I distinctly remember the first time I received the St. Blaise blessing of the throat (February 3). As a 12-year-old, I was both fascinated and apprehensive. The priest placed the two unlit candles around my neck and said the short prayer. In that moment, I had tangible experience of God’s healing and protective presence.
We, as Catholics, sometimes shy away from our unique traditions in an effort to fit in with how others live. Yet, I believe these special ways of living our faith can have a profound impact on us, as the St. Blaise blessing had on me. These devotions and celebrations provide times for our families to invite God into our daily lives. Outside of pandemic times, these special traditions are beautiful opportunities to invite friends and neighbors to special meals and celebrations of our faith.
I invite you to incorporate some Catholic traditions in the coming year. Here are two suggestions for the upcoming days:
January 6 - Epiphany is a chance to celebrate the manifestation of Jesus as the Messiah with the coming of the Magi. One special tradition is the use of blessed chalk to bless our homes for the year. We are asking God to encounter us in our daily lives by placing the year and the initials of the three Magi with crosses in between above the doors of your home. This year, the blessing looks like this 20+C+M+B+21. Epiphany is also a great day to celebrate with a King cake
February 2 - The Presentation of the Lord recalls Mary and Joseph bringing Jesus to the Temple to be dedicated to God. The feast celebrates the light of Jesus entering more deeply into the world. In the Church, it is a day that candles are blessed. What a perfect chance to light some candles at home and recall the light of Christ in your life.

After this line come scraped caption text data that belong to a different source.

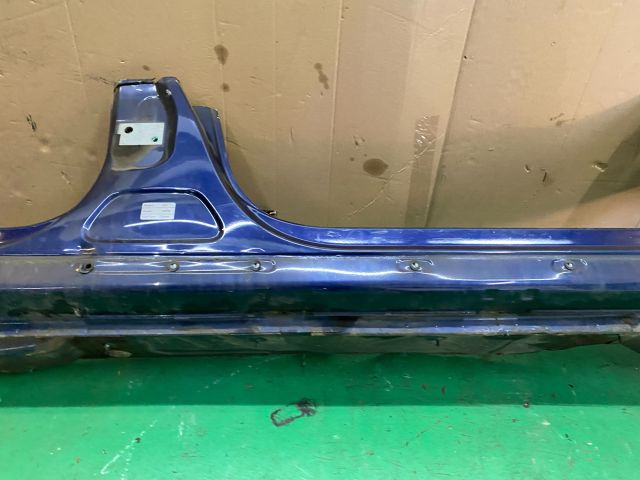 bontott VW PASSAT B7 Jobb Küszöb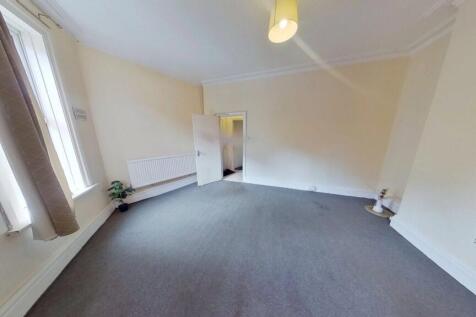 14-Lake-Street-Downstairs-Room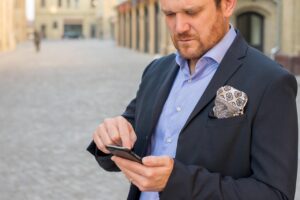 看護師が取り組むべき高収入の副業案件は？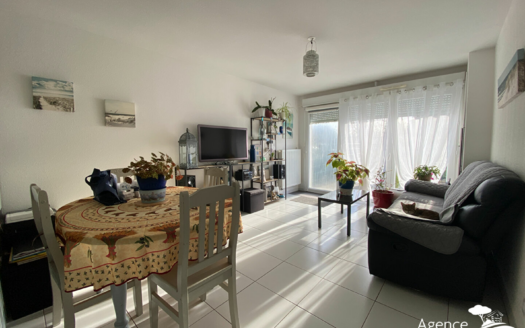 Appartement T2 avec jardin et parking privatifs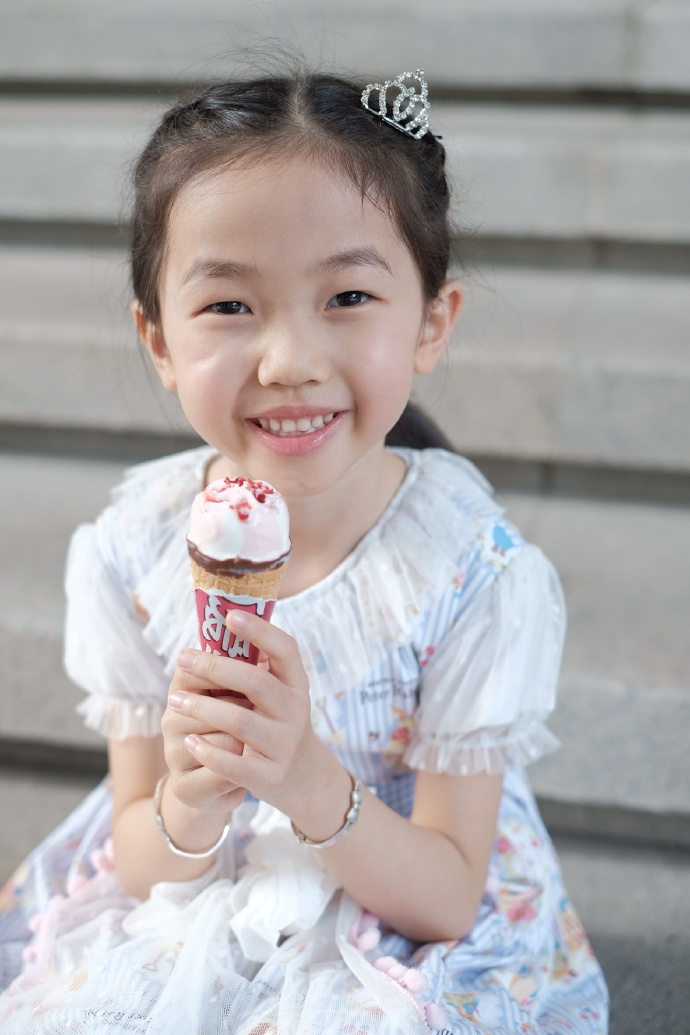 富士相机怎么拍摄色彩浓郁的照片,富士相机有哪些胶片预设
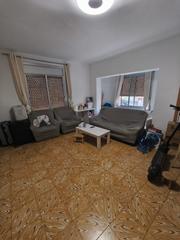 Appartement à La Salut. Piso amplio con 3 habitaciones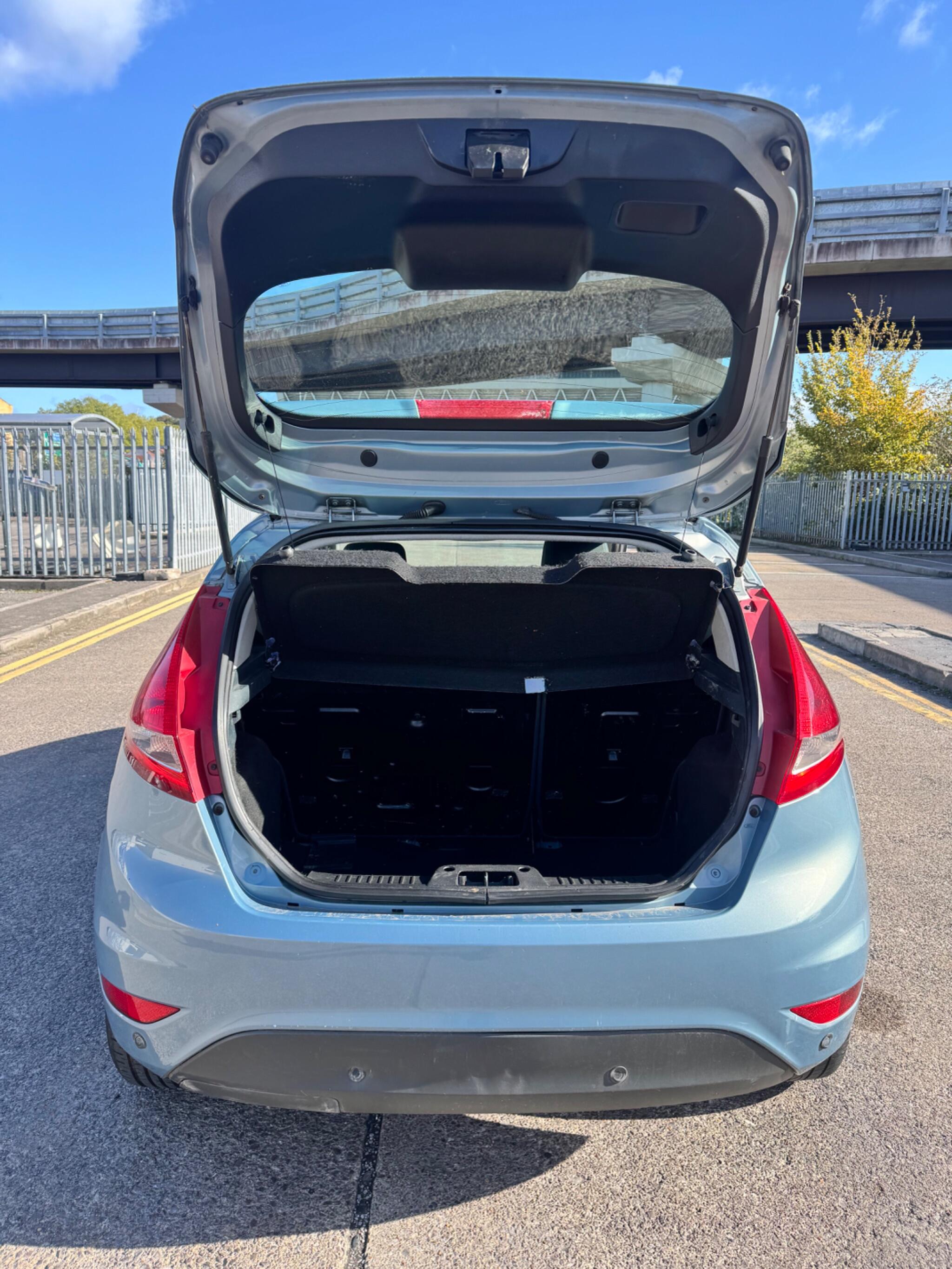 Ford Fiesta view 44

Crepes are a traditional food for celebrating the Feast of the Presentation in France.
For many ideas on how to celebrate the faith in everyday life, especially with children, visit www.catholicicing.com. To go more in depth, The Catholic All Year Compendium by Kendra Tierney is a great resource.
Most importantly, start simple and find ways to live regularly the richness of the faith both at church and in your home.
Fr. John D. Dickinson is pastor of St. John Paul II Parish, with churches in Cape Elizabeth, Scarborough, and Scarborough, and he is judicial vicar for the Diocese of Portland.